De Nicolaas tijdens en na de watersnoodramp
Aan het eind van de 13e eeuw werd in Brouwershaven een kerk gebouwd.
Het toen nog jonge Brouwershaven bestond uit enkele huizen op een dijk, ter plaatse van een op natuurlijke wijze gevormde vaarweg naar de Grevelingen, het open water naar zee. Op de dijk was geen plaats voor een kerk en daarom besloot men de kerk onder aan de dijk te bouwen, een naar het later bleek letterlijk ‘rampzalige’ beslissing.
In de nacht van 31 januari op 1 februari 1953 stond De Nicolaas aanvankelijk alleen maar in het woest stromende water dat vanuit de haven werd opgestuwd, over de markt stroomde en vervolgens zijn weg zocht naar beneden, langs het kerkgebouw naar de nog lager gelegen polder verderop. Maar, aan dit beeld kwam al snel een eind door verschillende kleine dijkdoorbraken rond Brouwershaven en de grote dijkdoorbraak aan de zuidkant van het eiland, bij de Schelphoek. Snel en met grote kracht liep de hele polder Schouwen vol. Het water steeg buiten en binnen het kerkgebouw tot 3 meter boven het vloerpeil.
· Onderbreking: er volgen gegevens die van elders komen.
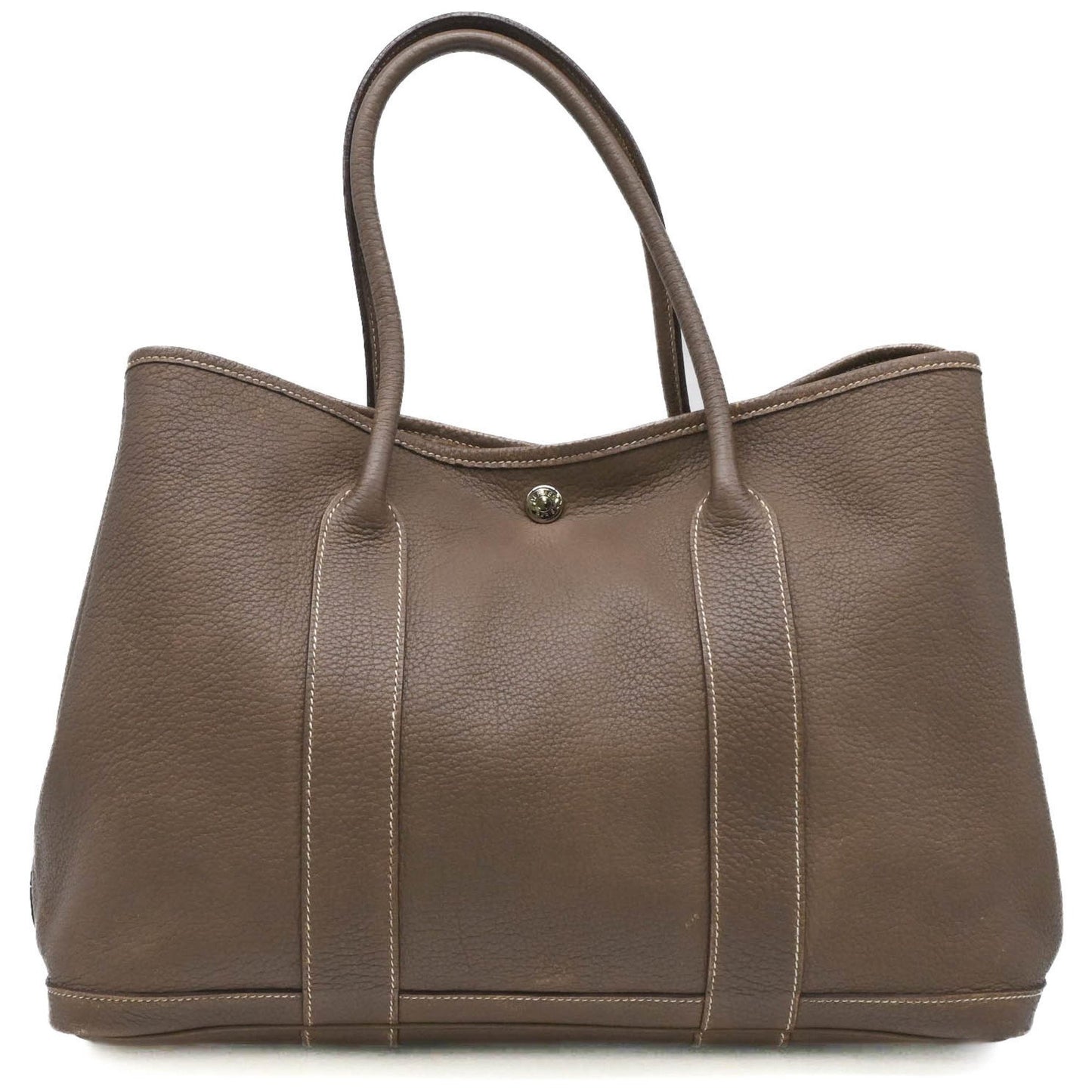 Hermes Garden Pm Handbag Tote Bag Leather Negonda Etoupe #?K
Het water stond bij vloed tot net onder de raamdorpels.
Hoewel het water na de eerste dagen in februari 1953 zakte heeft de kerk 9 maanden lang in het water gestaan en was het gebouw twee maal per dag onderhevig aan eb en vloed. Om het water enigszins te weren en de schade te beperken, is in het voorjaar van 1953 aan de buitenzijde van het gebouw, rondom een kistdam aangelegd.
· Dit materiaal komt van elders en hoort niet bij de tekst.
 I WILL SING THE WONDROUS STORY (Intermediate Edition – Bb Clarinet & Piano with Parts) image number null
Maar, het kwaad was al geschied. De fundering, de vloeren, de muren, de pilaren, het meubilair, alles was doordrenkt met het zoute zeewater. De vloeren, met de grafstenen en de graven, waren gedeeltelijk onderspoeld en alles zat onder een dikke laag modder.
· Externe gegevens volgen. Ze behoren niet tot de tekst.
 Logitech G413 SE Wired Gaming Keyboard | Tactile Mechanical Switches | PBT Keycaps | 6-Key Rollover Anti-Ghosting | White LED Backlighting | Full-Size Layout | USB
Vele weken heeft het schoonmaken van het kerkgebouw geduurd, waarvoor een groot aantal vrijwilligers uit binnen- en buitenland zich hebben ingezet. De schade aan het gebouw was echter minder snel te verhelpen.
De hiervoor noodzakelijke restauratie vond plaats in de periode 1956 tot 1962. Bij deze restauratie werd niet alleen de schade ten gevolgen van de watersnoodramp hersteld, maar ook andere zaken die door ouderdom aan herstel of vervanging toe waren.
Onomkeerbaar was echter het proces dat zich in gang had gezet door de zoutindringing in het (poreuze) metselwerk. De combinatie van zout en vocht zal vroeg of laat schade veroorzaken aan metselwerkconstructies.
Voegmortel kan verpoederen, bakstenen kunnen afschilferen en op termijn zelfs uiteenvallen, metselmortel kan zijn samenhang verliezen, verf kan gaan bladderen, pleisterwerk kan donker en vies worden en van de ondergrond loslaten, tegels kunnen van de muur worden gedrukt, ingemetseld ijzerwerk kan versneld roesten en koppen van houten balken kunnen versneld verrotten.
Dit schadeproces heeft het gebouw tot op de dag van vandaag in haar greep. De schade is zowel binnen als buiten zichtbaar, maar speelt zich –minder zichtbaar– ook in het binnenste van de constructies af, zoals in de pilaren.
Verhalen van overlevenden
Familie De Nooijer Verteld door Nel de Nooijer
Ik was tijdens de ramp 4 jaar en woonde met mijn vader, moeder en zus in de Nieuwstad in Brouwershaven, een lager gelegen gebied.
De ramp was voor mij niet traumatisch, ik was alleen maar verwonderd. Voor mijn zus van 10 jaar was dat wel zo, zij begreep wat er gebeurde.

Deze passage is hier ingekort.